Pardon me, are you drowning?
Drowning is the number two cause of accidental death, preceded only by vehicle accidents.
Hollywood has conditioned us to expect drowning victims to violently splash and flail about while calling frantically for help.
Unfortunately that is not the case in real life. Accidental drowning is quiet, so much so that even people a few feet away may never notice.
Drowning people cannot breathe and therefore cannot call for help, and according to the U.S. Coast Guard, drowning people cannot voluntarily control their arm movements. They instinctively extend their arms to the side and press down in an attempt to raise their mouths out of the water. Physiologically, they can’t stop drowning to perform voluntary movements such as signal for help.

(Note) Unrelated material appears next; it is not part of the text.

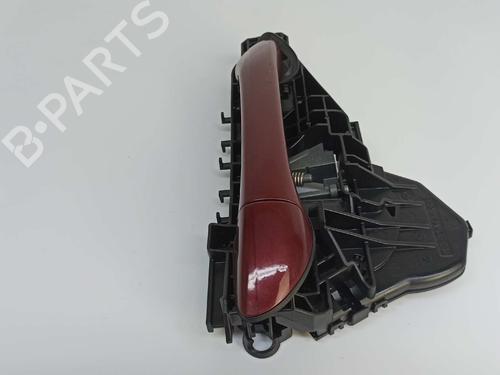 Front right exterior door handle MERCEDES-BENZ A-CLASS (W169) A 150 (169.031, 169.331) | BP6522614C129 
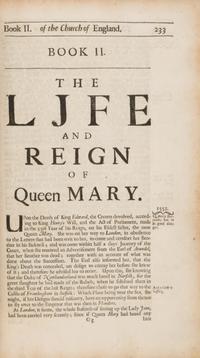 [Religion] Burnet, Gilbert. The History of the Reformation of the Church of England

Warm summer days are almost upon us. It’s important to keep alert around water and know the signs that someone may be in trouble.
- Drowning people may remain upright in the water with no evidence of kicking and may appear to be treading water, sometimes struggling only 20 to 60 seconds before going under.
- Their eyes may be closed or glassy and unfocused.
- Their head is low in the water, mouth at water level or tilted back with the mouth open. Children’s heads may fall forward.
- Children playing in the water are generally noisy. If they are quiet something may be wrong.
Sometimes the most common indication that someone is drowning is that they don’t look like they are drowning. A person may look fine, but may still be about to slip under the water. Ask “are you alright?” If they answer all is well. If not you may only have 20 seconds to save a life.